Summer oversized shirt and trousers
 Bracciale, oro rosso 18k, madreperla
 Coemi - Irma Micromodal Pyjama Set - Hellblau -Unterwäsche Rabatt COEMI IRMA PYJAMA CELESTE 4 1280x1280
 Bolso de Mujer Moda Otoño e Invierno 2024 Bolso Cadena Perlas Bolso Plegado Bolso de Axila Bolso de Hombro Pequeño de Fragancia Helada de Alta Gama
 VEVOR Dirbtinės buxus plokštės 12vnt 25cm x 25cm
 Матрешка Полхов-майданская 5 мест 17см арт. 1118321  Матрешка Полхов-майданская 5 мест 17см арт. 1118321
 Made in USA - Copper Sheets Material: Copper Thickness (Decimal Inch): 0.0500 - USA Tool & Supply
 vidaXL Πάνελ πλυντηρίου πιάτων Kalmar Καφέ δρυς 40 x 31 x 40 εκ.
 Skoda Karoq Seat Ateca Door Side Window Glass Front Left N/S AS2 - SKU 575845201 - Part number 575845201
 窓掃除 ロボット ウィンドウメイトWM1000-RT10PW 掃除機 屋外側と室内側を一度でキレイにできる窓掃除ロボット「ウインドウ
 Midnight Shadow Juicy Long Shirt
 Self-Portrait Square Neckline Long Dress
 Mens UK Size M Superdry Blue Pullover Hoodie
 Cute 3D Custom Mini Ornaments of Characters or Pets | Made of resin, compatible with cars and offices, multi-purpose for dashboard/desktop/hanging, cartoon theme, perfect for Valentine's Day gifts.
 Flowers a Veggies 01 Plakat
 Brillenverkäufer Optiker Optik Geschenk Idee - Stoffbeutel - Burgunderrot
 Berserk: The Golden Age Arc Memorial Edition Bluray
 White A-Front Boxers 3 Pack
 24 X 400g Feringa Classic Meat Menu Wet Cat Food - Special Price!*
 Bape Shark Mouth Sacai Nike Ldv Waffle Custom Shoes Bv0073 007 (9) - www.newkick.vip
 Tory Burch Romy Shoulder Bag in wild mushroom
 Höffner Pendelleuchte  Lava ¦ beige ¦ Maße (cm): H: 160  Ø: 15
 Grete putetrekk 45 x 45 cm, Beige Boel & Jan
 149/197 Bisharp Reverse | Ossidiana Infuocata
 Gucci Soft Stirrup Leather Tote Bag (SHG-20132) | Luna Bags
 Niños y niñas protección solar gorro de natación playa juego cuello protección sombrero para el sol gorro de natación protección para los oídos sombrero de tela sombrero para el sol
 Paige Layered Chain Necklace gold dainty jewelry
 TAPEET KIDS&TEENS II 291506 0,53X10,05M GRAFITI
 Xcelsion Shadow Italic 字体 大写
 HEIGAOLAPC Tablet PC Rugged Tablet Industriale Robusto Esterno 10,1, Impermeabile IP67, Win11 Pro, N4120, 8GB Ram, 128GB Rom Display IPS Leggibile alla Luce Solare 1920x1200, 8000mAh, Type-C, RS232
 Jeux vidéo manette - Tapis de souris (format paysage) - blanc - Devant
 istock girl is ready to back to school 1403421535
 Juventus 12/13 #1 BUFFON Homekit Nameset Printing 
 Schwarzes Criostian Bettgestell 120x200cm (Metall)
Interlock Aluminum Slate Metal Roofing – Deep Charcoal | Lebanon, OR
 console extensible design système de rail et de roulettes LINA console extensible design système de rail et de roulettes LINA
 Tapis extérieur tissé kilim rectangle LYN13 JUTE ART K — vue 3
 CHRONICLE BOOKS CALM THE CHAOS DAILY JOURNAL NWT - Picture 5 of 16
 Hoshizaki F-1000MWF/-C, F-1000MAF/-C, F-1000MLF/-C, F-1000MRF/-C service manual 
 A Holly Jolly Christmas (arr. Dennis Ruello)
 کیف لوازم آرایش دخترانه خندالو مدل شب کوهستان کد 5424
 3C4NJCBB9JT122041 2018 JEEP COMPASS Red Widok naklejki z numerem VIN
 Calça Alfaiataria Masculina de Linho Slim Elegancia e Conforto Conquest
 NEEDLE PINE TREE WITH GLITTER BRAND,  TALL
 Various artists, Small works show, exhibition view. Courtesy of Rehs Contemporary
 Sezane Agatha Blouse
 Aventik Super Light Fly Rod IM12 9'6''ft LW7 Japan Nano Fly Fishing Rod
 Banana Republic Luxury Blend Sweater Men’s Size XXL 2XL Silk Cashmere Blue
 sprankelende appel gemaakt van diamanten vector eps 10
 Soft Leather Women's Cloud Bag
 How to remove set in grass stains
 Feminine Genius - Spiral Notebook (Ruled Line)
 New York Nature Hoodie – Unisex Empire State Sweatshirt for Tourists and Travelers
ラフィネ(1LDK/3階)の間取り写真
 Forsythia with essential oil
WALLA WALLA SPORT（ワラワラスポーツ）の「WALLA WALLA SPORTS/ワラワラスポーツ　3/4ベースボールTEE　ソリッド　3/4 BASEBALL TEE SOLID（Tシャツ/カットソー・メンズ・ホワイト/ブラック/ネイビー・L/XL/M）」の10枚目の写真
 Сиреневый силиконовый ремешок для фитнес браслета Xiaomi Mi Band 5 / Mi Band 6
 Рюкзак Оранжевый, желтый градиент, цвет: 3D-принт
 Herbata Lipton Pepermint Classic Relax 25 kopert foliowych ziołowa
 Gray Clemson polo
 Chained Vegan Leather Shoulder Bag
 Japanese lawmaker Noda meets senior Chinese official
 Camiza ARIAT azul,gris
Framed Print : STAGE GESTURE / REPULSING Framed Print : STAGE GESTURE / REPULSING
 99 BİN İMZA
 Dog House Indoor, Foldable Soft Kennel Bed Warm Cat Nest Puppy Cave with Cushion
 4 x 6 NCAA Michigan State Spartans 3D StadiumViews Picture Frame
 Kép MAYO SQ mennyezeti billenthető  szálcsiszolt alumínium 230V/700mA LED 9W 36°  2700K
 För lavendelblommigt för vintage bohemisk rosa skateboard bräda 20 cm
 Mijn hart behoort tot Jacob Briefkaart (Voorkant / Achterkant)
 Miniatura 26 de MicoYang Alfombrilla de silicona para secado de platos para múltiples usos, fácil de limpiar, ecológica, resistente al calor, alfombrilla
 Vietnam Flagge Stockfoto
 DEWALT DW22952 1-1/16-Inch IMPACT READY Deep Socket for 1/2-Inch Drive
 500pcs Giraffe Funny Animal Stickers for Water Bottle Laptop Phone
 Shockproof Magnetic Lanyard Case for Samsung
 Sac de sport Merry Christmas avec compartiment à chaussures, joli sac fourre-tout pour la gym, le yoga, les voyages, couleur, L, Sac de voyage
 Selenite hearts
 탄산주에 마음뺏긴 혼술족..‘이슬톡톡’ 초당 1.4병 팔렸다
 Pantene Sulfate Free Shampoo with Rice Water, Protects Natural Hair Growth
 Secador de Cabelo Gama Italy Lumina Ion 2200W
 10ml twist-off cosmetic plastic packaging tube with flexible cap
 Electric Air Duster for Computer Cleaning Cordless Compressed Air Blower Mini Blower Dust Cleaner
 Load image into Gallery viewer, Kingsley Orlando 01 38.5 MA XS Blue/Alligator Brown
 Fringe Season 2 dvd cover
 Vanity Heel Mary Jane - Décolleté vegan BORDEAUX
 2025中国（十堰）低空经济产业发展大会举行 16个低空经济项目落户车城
_ _ _ _
▶ **Exercise objective**:
Scan the listing above for the line that has "Bracciale, oro rosso 18k, madreperla", then copy exactly from that line through the line that has "Gucci Soft Stirrup".

▶ **Response to the task**:
 Bracciale, oro rosso 18k, madreperla
 Coemi - Irma Micromodal Pyjama Set - Hellblau -Unterwäsche Rabatt COEMI IRMA PYJAMA CELESTE 4 1280x1280
 Bolso de Mujer Moda Otoño e Invierno 2024 Bolso Cadena Perlas Bolso Plegado Bolso de Axila Bolso de Hombro Pequeño de Fragancia Helada de Alta Gama
 VEVOR Dirbtinės buxus plokštės 12vnt 25cm x 25cm
 Матрешка Полхов-майданская 5 мест 17см арт. 1118321  Матрешка Полхов-майданская 5 мест 17см арт. 1118321
 Made in USA - Copper Sheets Material: Copper Thickness (Decimal Inch): 0.0500 - USA Tool & Supply
 vidaXL Πάνελ πλυντηρίου πιάτων Kalmar Καφέ δρυς 40 x 31 x 40 εκ.
 Skoda Karoq Seat Ateca Door Side Window Glass Front Left N/S AS2 - SKU 575845201 - Part number 575845201
 窓掃除 ロボット ウィンドウメイトWM1000-RT10PW 掃除機 屋外側と室内側を一度でキレイにできる窓掃除ロボット「ウインドウ
 Midnight Shadow Juicy Long Shirt
 Self-Portrait Square Neckline Long Dress
 Mens UK Size M Superdry Blue Pullover Hoodie
 Cute 3D Custom Mini Ornaments of Characters or Pets | Made of resin, compatible with cars and offices, multi-purpose for dashboard/desktop/hanging, cartoon theme, perfect for Valentine's Day gifts.
 Flowers a Veggies 01 Plakat
 Brillenverkäufer Optiker Optik Geschenk Idee - Stoffbeutel - Burgunderrot
 Berserk: The Golden Age Arc Memorial Edition Bluray
 White A-Front Boxers 3 Pack
 24 X 400g Feringa Classic Meat Menu Wet Cat Food - Special Price!*
 Bape Shark Mouth Sacai Nike Ldv Waffle Custom Shoes Bv0073 007 (9) - www.newkick.vip
 Tory Burch Romy Shoulder Bag in wild mushroom
 Höffner Pendelleuchte  Lava ¦ beige ¦ Maße (cm): H: 160  Ø: 15
 Grete putetrekk 45 x 45 cm, Beige Boel & Jan
 149/197 Bisharp Reverse | Ossidiana Infuocata
 Gucci Soft Stirrup Leather Tote Bag (SHG-20132) | Luna Bags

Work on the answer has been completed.